Тем более что налицо родство мотивов: чтение, рост, кризис.
Взросление, рост, формирование личности, вписывание ее в социальные рамки — само по себе род кризиса (который либо разрешится полноценным взрослым состоянием, либо нет), — это с одной стороны. С другой, в кризисной исторической ситуации все мы очередной раз взрослеем — какого бы возраста к этому времени ни достигли: расстаемся с прежними обжитыми иллюзиями и стереотипами, озираемся в поисках новых.

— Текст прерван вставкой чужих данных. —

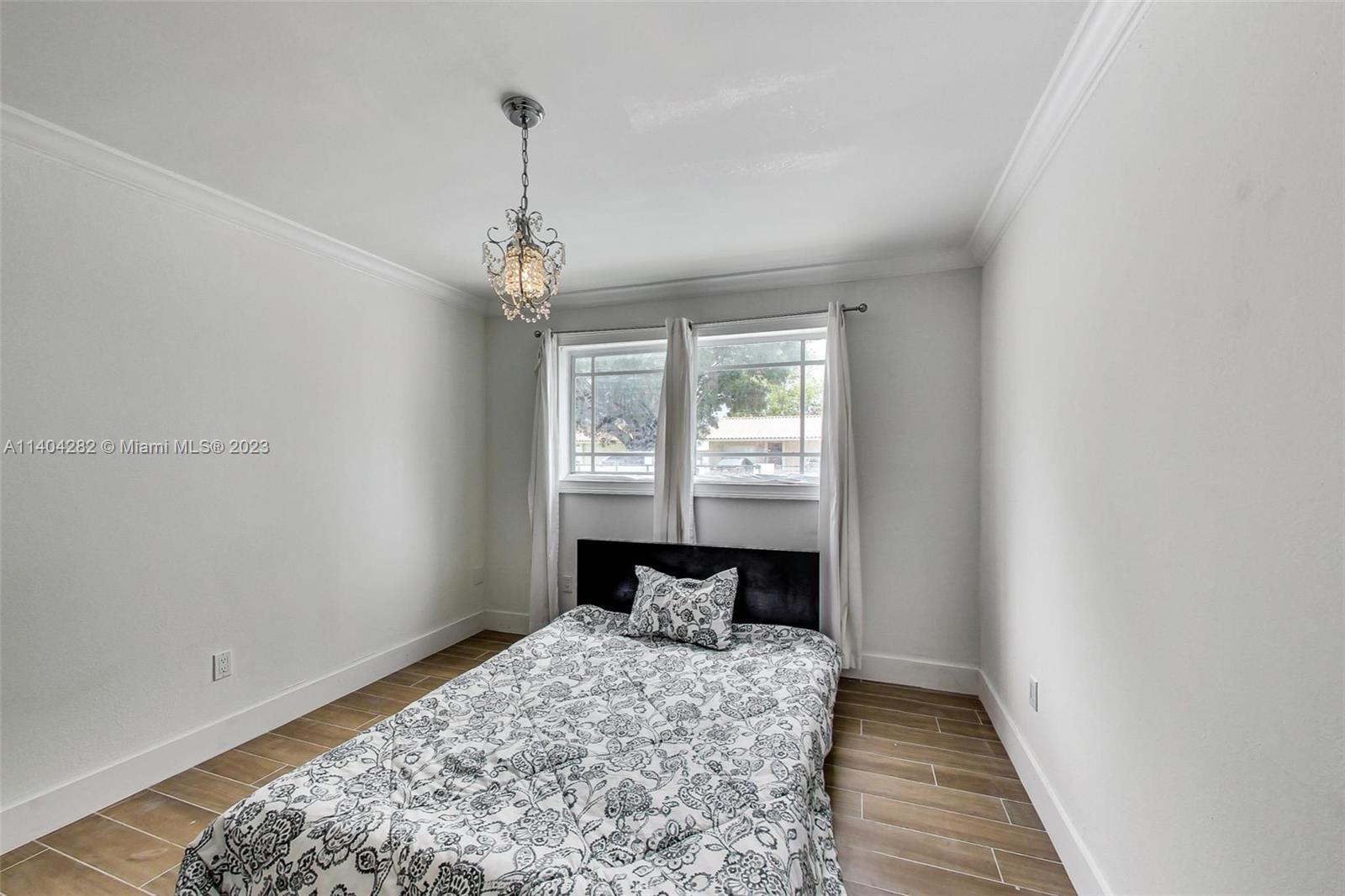 20 NW 135th Ave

И чтение всякий раз оказывается при этом в роли сложного многофункционального инструмента.
В двух июльских номерах (от 2 и 15 июля) журнала «Формаслов» Борис Кутенков расспрашивал писателей и критиков о том, чем запомнилось им минувшее литературное полугодие, какие книги и авторы оказались значительными и интересными, как актуальные исторические события отражаются на русской словесности и на работе респондентов в частности, изменят ли события литературу, читающих и пишущих.

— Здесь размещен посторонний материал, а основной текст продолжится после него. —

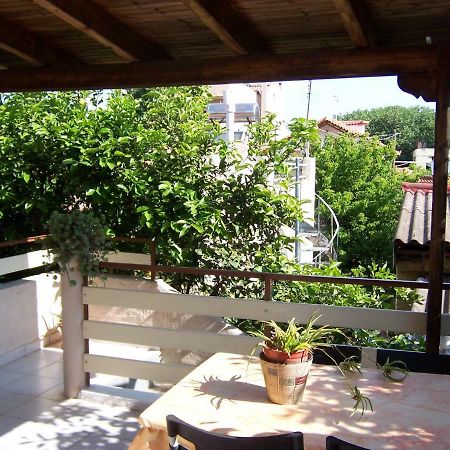 Maria'S Haus In Artemida Apartment Exterior photo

Отвечали, ожидаемым образом, что говорить о литературе нынче не очень поворачивается язык, писать тяжело и вообще полугодие запомнилось не тем; а в качестве важнейших событий называли публичные антивоенные выступления писателей, ныне причисленных к иноагентам (Ольга Бугославская). Говорили о списке потерь, «пока не слишком длинном, но тревожном» (Евгений Абдуллаев): исчезают премии, «застывают» сайты…; о том, что подтвердились давние сомнения в способности литературы «передавать идеалы, “делать лучше”, “сеять”» (Лев Наумов). Предрекали схлопывание книжного рынка в новых условиях (денег нет, книги дорожают, нужны они немногим, тем более что из этих немногих многие уехали); «замирание» литературного процесса диагностировал Александр Чанцев. «Сейчас покупка книги для некоторых становится буквально героическим поступком, — говорит Наумов. — А то и символическим жестом: попыткой показать себе, что все в порядке, все по-старому».

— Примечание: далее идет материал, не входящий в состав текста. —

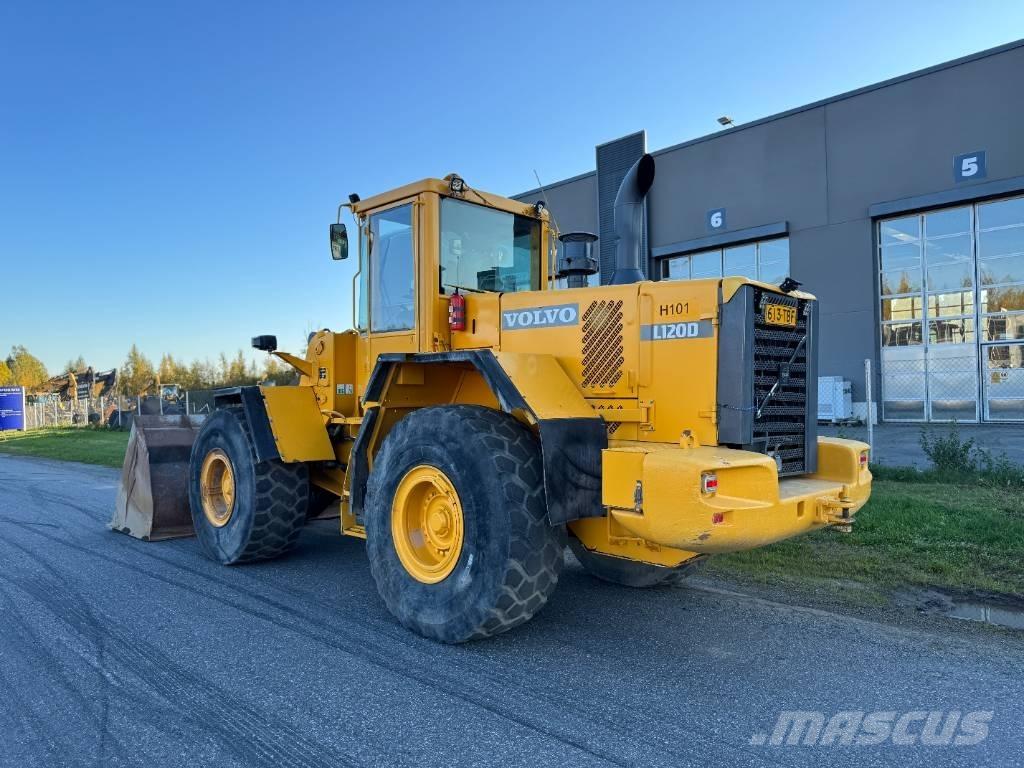 Volvo L 120 D Pyöräkuormaajat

С другой стороны — говорили об обострении читательского зрения. «…многие старые книги будто бы начали оживать», — замечает Наумов. Он же, рассказывая о столкновении людей с двумя разными позициями, говорит: «это была встреча не людей, а прочитанных ими книг, определивших модус поведения обоих». А Владислав Толстов говорит: «…ситуация в литературном мире, насколько могу судить, постепенно восстанавливается». И лишь Сергей Костырко, признающийся, что лично его литературная работа «резко замедлилась», считает: «Литературный процесс не зависит напрямую от телодвижений политиков».
Поминали и кризис авторских прав в связи с ныне актуальным «кэнселлингом» русской культуры. При этом Дмитрий Бавильский (которого никак не назвать прекраснодушным оптимистом) выражает надежду на то, что — очевидно неминуемый — кризис книгоиздательской отрасли приведет ее к переформатированию литературной сцены «в более интересное и перспективное состояние, в котором наносное и лишнее схлынет». Абдуллаев же полагает, что «…последние события <…> повысили температуру русской поэзии».
Бавильский даже находит возможным «начало <…> нового и честного этапа культурного самоощущения, которому мешает все меньше и меньше фальшивого, извне привнесенного». А о пресловутом «кэнселлинге» высказывается так: «Культура (в том числе и российская) — это вообще-то единственное, что может войне противостоять, поэтому требования отменить русскую культуру или же признать ее поражение — <…> что-то из области запредельного мракобесия». То же утверждает и Чанцев: «…если и культурой не заниматься, то чем тогда вообще стоит заниматься?» Бугославская уточняет: «…русской культуре угрожает вовсе не принудительная отмена, а естественная утрата интереса к ней, вызванная, скажем так, поведением нашей страны на международной арене».
Читательские предпочтения, по наблюдениям респондентов, в эти месяцы сместились в сторону классики, — об этом говорят Лев Наумов и Владимир Березин (понятно: поиск незыблемых основ), к тому, «что уносит читателя подальше от происходящего» (тоже куда уж понятнее) и, что удивительно уже более, — к нон-фикшну (Наумов). Слышны нежданные (и вновь понятные!) упреки антиутопиям: они видятся теперь как «сорт вымученной квазилитературы, не способной ничему научить, но зато приучающий своих читателей к выученной беспомощности» (Бавильский). Среди важных называли книги «о том, как Россия в очередной раз упустила шанс на развитие и не стала европейской страной» (Бугославская о «Преемнике» Михаила Фишмана), «о том, как Советский Союз создавал свой позитивный имидж на Западе» (она же о «Великом обмане» Льва Симкина), «о роли представителей российского <…> истеблишмента в новейшей истории и разрушительной роли мифа о так называемом особом пути» (она же об «Ответственности “элит”» Александра Рыклина).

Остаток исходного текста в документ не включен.